Exercise instructions: Exact copy, no pictures: repeat the data that follows.

Raw data:

+ + + + +

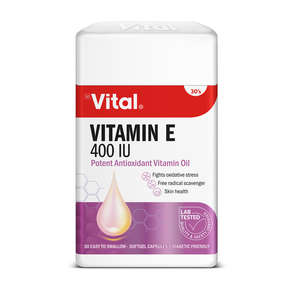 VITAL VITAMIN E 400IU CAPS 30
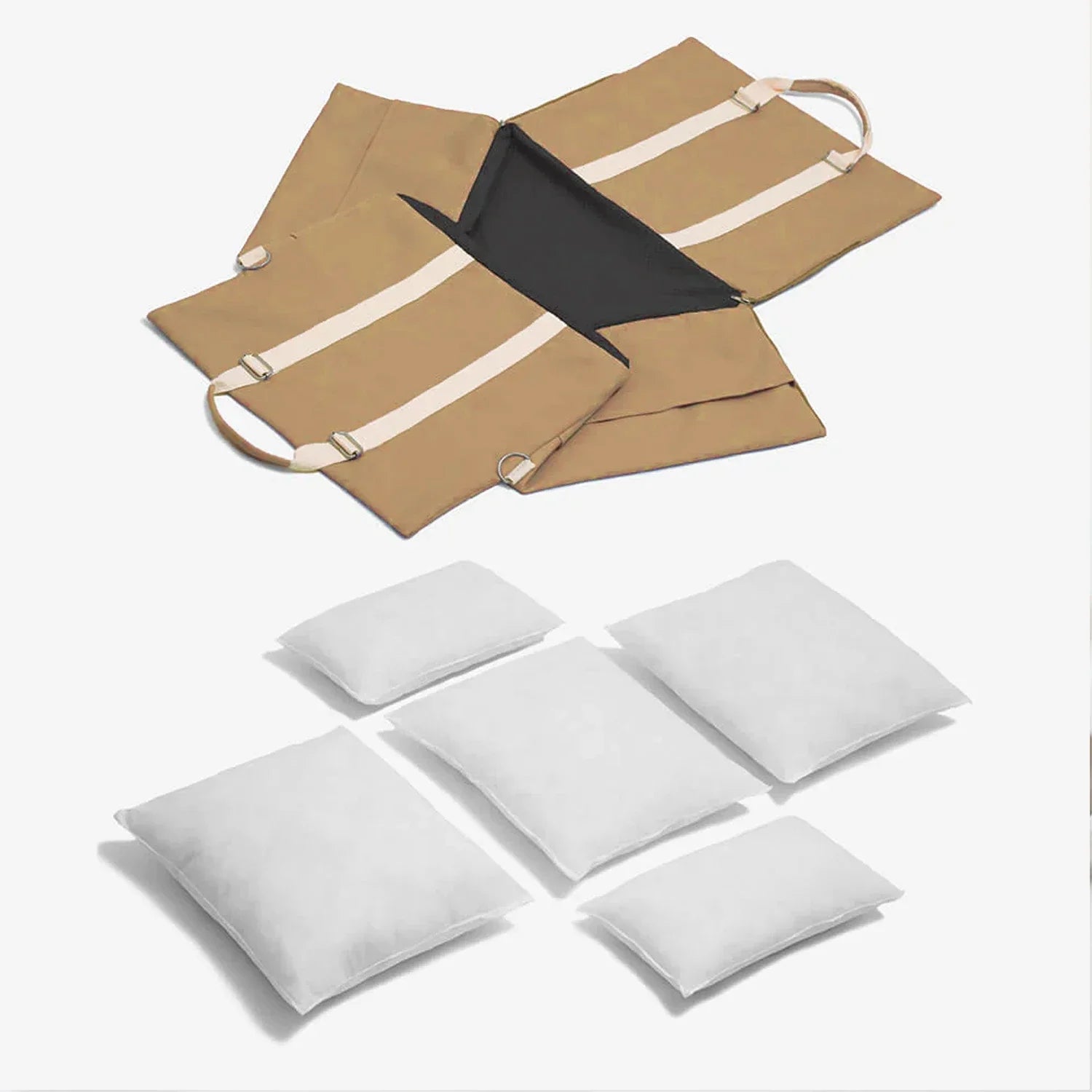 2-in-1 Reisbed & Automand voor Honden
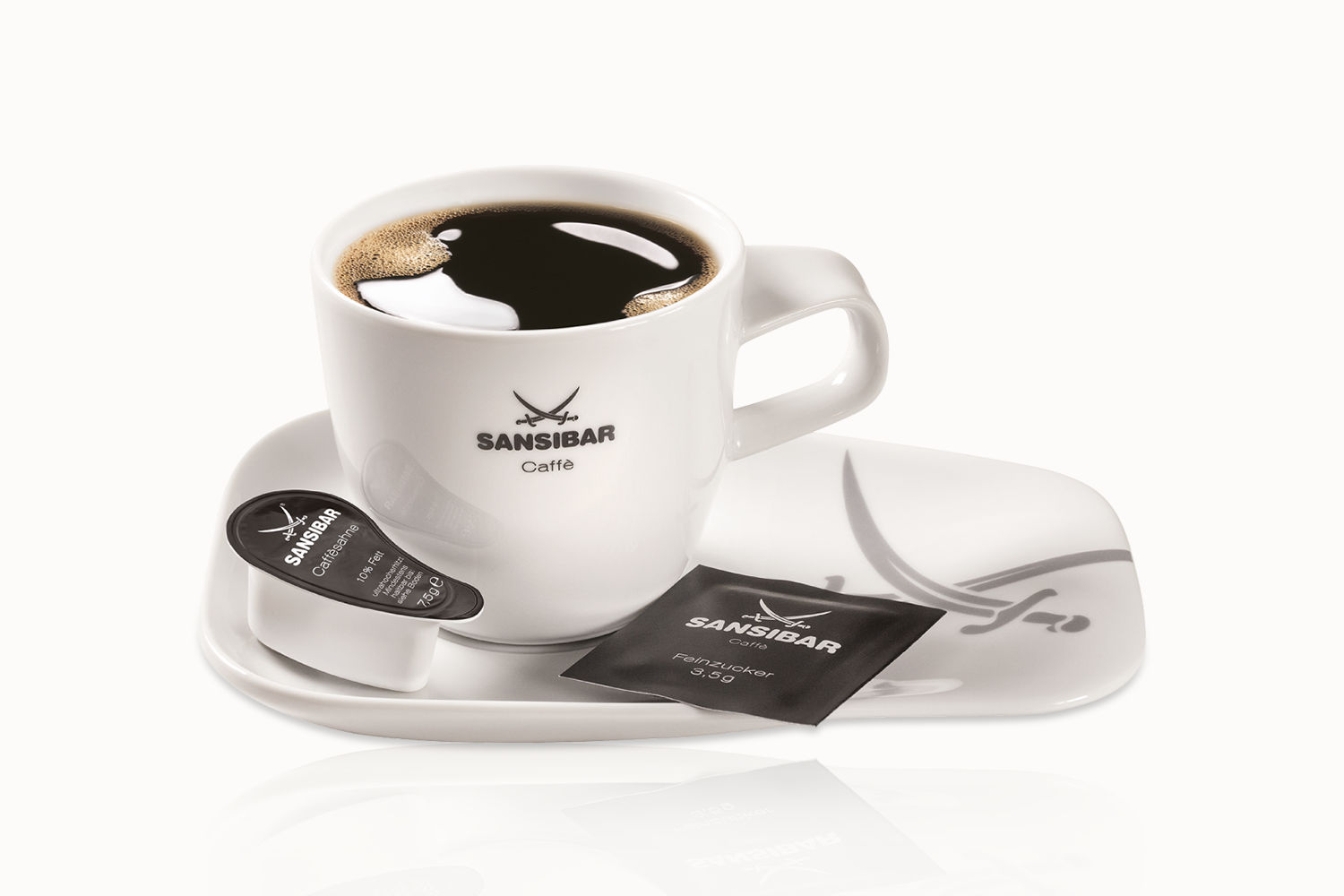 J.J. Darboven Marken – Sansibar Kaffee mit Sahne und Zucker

+ + + + +

Exercise answer:
 VITAL VITAMIN E 400IU CAPS 30
 2-in-1 Reisbed & Automand voor Honden
 J.J. Darboven Marken – Sansibar Kaffee mit Sahne und Zucker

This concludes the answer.